→ **Work instructions**
Starting from the line with "Used 2024 MAZDA", transcribe each line to the end of the records below. Copy them exactly and write nothing else.

[[ Exercise data open ]]

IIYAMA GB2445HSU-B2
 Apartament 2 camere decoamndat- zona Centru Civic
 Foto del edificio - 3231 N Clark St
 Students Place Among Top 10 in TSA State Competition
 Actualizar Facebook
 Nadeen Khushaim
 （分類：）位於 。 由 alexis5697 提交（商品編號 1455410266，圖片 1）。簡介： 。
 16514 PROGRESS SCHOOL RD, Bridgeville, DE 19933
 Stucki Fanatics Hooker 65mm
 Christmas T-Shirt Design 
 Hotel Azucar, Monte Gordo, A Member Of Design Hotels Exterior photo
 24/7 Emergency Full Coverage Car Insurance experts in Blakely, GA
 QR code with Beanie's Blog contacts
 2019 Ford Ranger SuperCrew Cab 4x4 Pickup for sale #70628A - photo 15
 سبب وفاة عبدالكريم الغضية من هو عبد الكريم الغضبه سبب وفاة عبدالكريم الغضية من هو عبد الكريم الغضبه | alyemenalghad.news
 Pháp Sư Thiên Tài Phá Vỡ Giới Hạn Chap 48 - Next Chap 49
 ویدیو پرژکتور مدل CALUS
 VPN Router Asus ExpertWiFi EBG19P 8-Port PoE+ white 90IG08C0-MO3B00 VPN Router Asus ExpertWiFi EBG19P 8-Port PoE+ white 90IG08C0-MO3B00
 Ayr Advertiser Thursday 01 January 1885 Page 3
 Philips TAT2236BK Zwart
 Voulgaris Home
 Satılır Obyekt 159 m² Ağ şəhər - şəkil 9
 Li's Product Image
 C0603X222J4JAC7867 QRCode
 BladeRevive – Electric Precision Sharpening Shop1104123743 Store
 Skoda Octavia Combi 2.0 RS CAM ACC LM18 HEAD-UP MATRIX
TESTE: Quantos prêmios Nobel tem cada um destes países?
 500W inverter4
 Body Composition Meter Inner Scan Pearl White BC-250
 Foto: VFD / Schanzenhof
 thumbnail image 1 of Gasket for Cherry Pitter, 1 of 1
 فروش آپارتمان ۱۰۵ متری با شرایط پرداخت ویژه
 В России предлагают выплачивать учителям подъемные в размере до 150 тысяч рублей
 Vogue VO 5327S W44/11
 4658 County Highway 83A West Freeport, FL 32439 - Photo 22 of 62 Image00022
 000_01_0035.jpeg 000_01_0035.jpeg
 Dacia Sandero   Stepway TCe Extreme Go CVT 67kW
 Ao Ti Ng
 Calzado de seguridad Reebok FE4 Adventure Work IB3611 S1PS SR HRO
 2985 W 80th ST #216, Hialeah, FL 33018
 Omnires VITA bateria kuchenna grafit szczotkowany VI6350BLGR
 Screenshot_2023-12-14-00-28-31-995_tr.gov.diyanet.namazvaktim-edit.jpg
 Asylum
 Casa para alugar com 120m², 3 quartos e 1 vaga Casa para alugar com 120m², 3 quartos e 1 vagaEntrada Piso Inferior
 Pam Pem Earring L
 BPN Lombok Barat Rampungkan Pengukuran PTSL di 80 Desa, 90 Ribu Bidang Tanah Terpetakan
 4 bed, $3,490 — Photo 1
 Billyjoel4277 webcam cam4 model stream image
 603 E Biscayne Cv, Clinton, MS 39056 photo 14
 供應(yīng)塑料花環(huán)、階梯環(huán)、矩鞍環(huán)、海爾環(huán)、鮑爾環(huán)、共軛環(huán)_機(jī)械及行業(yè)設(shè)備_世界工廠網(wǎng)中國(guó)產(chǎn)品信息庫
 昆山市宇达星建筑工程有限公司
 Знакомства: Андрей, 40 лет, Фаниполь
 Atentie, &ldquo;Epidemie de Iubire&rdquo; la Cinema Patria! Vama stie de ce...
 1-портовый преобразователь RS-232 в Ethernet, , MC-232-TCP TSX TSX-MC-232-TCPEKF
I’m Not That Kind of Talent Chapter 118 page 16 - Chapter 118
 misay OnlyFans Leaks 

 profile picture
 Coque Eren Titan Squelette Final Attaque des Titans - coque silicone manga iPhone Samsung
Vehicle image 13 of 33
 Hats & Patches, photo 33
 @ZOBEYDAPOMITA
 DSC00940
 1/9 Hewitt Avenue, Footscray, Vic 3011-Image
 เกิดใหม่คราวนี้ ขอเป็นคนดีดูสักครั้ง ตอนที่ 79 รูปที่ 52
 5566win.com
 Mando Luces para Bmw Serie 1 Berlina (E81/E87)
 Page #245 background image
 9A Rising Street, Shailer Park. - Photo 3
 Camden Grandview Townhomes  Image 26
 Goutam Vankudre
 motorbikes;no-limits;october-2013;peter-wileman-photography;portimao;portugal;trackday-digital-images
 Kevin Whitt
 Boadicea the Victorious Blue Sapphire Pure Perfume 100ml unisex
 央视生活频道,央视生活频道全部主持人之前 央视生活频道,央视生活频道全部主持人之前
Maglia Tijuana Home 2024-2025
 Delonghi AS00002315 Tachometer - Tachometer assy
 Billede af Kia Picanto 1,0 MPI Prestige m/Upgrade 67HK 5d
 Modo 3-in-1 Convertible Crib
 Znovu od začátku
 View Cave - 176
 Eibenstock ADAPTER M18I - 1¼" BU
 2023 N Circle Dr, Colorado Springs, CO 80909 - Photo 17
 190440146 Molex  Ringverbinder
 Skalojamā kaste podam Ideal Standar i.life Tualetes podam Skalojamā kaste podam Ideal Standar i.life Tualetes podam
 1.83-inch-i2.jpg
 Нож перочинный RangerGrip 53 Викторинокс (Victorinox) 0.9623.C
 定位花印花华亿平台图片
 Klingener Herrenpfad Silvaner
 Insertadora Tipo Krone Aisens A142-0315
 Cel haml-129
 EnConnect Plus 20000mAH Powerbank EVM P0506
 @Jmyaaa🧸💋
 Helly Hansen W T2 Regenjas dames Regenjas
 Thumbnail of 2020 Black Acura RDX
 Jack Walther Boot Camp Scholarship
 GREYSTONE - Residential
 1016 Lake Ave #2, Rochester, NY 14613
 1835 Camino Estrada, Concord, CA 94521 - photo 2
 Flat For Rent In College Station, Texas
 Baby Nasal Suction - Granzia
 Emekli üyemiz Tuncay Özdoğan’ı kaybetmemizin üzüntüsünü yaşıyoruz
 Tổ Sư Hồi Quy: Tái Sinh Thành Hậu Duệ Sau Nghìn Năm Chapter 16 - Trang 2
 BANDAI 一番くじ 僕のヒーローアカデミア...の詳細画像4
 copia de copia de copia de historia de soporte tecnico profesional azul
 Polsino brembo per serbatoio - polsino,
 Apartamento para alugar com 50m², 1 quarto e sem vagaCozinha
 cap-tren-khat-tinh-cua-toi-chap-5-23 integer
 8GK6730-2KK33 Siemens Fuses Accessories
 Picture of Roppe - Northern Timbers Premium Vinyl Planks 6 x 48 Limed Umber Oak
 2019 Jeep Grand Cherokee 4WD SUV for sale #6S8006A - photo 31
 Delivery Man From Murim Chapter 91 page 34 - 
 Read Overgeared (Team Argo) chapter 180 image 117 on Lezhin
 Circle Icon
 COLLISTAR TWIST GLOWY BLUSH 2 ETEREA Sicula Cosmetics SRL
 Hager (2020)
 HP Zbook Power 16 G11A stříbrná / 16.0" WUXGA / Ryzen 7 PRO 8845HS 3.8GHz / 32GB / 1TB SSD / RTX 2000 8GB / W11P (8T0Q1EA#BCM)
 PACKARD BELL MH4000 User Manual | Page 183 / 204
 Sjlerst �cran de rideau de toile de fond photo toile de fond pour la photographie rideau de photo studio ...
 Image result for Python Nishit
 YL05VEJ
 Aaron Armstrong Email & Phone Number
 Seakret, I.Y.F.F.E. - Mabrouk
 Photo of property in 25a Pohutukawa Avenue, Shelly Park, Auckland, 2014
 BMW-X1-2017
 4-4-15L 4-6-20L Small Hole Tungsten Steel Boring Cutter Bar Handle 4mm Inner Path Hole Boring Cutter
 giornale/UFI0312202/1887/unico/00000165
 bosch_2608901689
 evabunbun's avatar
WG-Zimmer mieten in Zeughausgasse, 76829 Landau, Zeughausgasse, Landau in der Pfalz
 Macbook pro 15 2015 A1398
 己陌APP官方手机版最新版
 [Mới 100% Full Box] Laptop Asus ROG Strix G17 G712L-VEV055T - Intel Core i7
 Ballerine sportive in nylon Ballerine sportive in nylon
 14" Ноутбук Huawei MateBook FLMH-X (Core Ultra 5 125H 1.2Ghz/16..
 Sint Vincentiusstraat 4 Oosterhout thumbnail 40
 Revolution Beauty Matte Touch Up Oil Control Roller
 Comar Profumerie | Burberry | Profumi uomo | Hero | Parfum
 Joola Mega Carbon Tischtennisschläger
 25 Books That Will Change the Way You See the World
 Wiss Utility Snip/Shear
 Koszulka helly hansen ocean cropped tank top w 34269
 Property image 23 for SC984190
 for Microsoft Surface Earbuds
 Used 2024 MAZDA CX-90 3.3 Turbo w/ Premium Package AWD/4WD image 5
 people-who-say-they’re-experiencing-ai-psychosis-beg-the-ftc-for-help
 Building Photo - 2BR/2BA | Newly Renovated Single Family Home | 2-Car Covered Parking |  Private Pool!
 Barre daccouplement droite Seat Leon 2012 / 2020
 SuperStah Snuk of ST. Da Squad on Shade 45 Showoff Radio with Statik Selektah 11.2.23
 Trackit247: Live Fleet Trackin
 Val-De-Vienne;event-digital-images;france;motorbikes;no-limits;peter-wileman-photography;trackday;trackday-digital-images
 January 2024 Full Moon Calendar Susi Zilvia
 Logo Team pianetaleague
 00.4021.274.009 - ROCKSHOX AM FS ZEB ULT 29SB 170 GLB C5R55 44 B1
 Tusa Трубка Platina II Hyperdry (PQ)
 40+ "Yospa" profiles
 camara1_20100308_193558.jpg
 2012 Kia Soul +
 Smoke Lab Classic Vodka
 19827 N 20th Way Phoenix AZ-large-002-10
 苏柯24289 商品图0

[[ Exercise data closed ]]

→ **Exercise solution**
 Used 2024 MAZDA CX-90 3.3 Turbo w/ Premium Package AWD/4WD image 5
 people-who-say-they’re-experiencing-ai-psychosis-beg-the-ftc-for-help
 Building Photo - 2BR/2BA | Newly Renovated Single Family Home | 2-Car Covered Parking |  Private Pool!
 Barre daccouplement droite Seat Leon 2012 / 2020
 SuperStah Snuk of ST. Da Squad on Shade 45 Showoff Radio with Statik Selektah 11.2.23
 Trackit247: Live Fleet Trackin
 Val-De-Vienne;event-digital-images;france;motorbikes;no-limits;peter-wileman-photography;trackday;trackday-digital-images
 January 2024 Full Moon Calendar Susi Zilvia
 Logo Team pianetaleague
 00.4021.274.009 - ROCKSHOX AM FS ZEB ULT 29SB 170 GLB C5R55 44 B1
 Tusa Трубка Platina II Hyperdry (PQ)
 40+ "Yospa" profiles
 camara1_20100308_193558.jpg
 2012 Kia Soul +
 Smoke Lab Classic Vodka
 19827 N 20th Way Phoenix AZ-large-002-10
 苏柯24289 商品图0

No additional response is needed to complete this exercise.